Monsieur Argent ne réussit pas à se contenir à mon pitoyable changement de sujet, et il pouffe, la mine attendrie.
— Vous avez songé à des couleurs ?
— Peut-être du gris métallique... Ou...du parme... Ou du multicolore.
Il grimace et ça a le don de me tirer un rire.
— Pêche...
Je dois tendre l'oreille pour capter son murmure pensif.
— La couleur pêche vous conviendrait bien. Doux. Agréable. Chaud. Ravissant.
Monsieur Argent ne semble pas tout à fait maître de ses paroles, absorbé par ses réflexions. Je pèse le pour et le contre d'un pêche, mais suis rapidement arrachée à mon imagination. J'éprouve la sensation désormais reconnaissable d'un grattement aux portes de mon esprit. Je les ouvre en grand. Son intrusion ne me blesse pas, comme à chaque fois. Sa magie voltige en moi, étreint la mienne, me découvre un peu plus à chacune de ses explorations. Malgré l'impression d'être mise à nu, vulnérable et fragile, prête à me briser à la moindre mauvaise intention, je lui voue une foi aveugle.
— Brillez pour moi, Evelyn.
Et à l'image d'un sortilège qu'il aurait actionné en moi, il réussit tout juste à desserrer les nœuds, suffisamment pour que ma magie rayonne. Ma peau devient translucide, luisante, à l'éclat de lune. Sans lui, tout s'effondre. Avec son aide, mon Ordre se débat pour émerger. Rien d'autre ne m'aiguille, si ce n'est le picotement agréable qui répand mille et un frissons sur ma peau, et cette illumination de mon corps, similaire à la brillance d'un diamant éthéré. Malgré les indices, je ne comprends pas ce que je suis. Quelle créature possède une telle peau scintillante ? Monsieur Argent n'est ni aveuglé, ni brûlé, probablement parce que je n'infuse aucune malice dans ce pouvoir sordide. Dès que son intrusion se rétracte, la lumière se retire aussi.

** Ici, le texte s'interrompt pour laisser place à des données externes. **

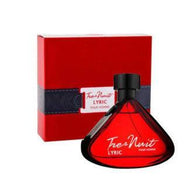 Armaf Natural Mist Tres Nuit Lyric PH 100ml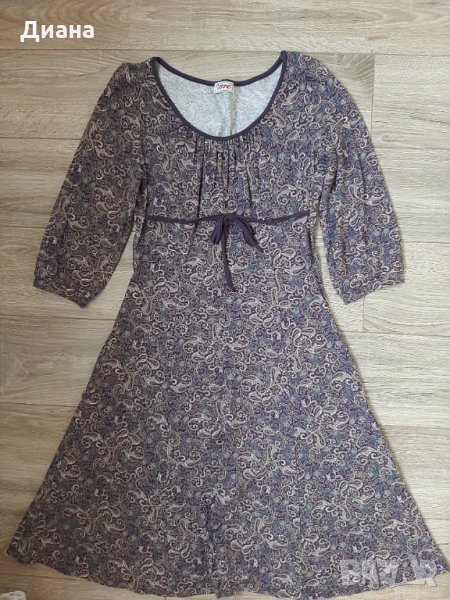 Рокля Daphne, размер 40, снимка 1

— Votre Ordre est là, si proche, souffle-t-il. Je ne pense pas que vous devez délier vos nœuds mentaux, Mademoiselle Dupree. Ce ne serait pas suffisant, pas assez drastique. Il vous faut les fracasser. Une bonne fois pour toutes. J'ai une idée. Terrible. Que Madame Morelli n'approuvera peut-être pas. Une idée folle et stupide, mais une idée logique et rationnelle.
— Tout, répliqué-je. Tout pour les fracasser. Faites ce que vous désirez de moi, professeur.

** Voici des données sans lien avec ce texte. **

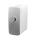 Wasserbar Coway Modell: P-08DL Umkehrosmoseanlage Wasserfilter Wasserspender Membranfilter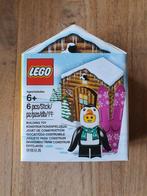 Nieuwe lego setje 5005251, Lego, Lego, Lego, Nieuw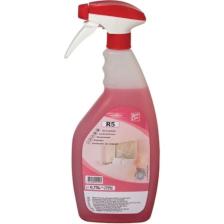 Diversey Taski R5 Hava Şartlandırıcı 750 ml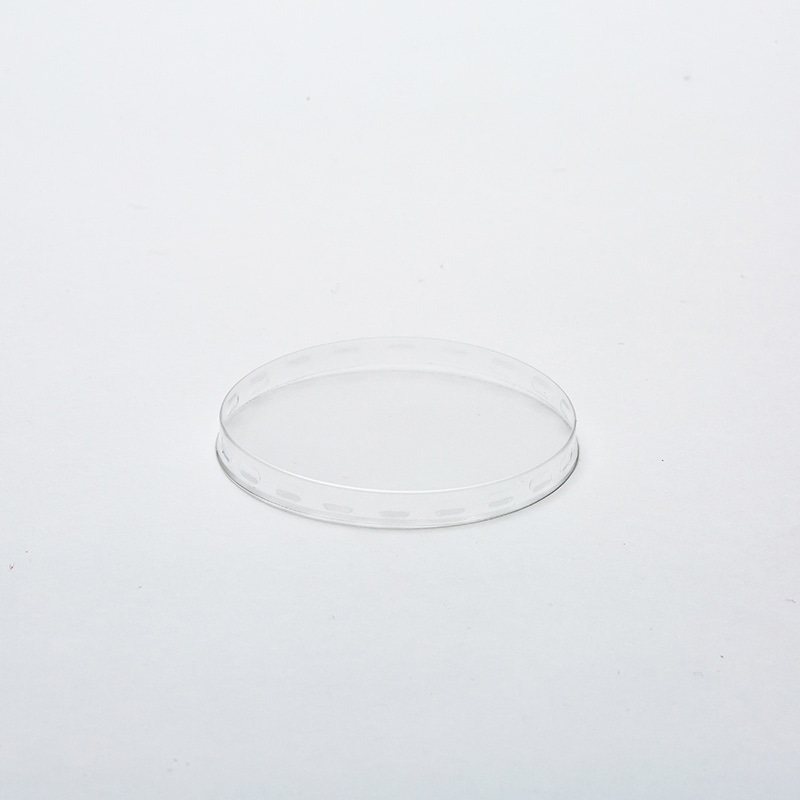 ５５φＦＣ蓋画像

J'ai parlé avec la détermination d'une guerrière à terre. Contre toute attente, Monsieur Argent explose de rire. Une hilarité qui me rend confuse. Jusqu'à ce qu'il lance par-dessus son épaule, regagnant son bureau :
— Phrase très controversée, Mademoiselle Dupree. Un autre pourrait croire que vous vous efforcez de me séduire.
Je rougis et me confonds en excuses bégayées, ce à quoi il rétorque par une autre vague de rires.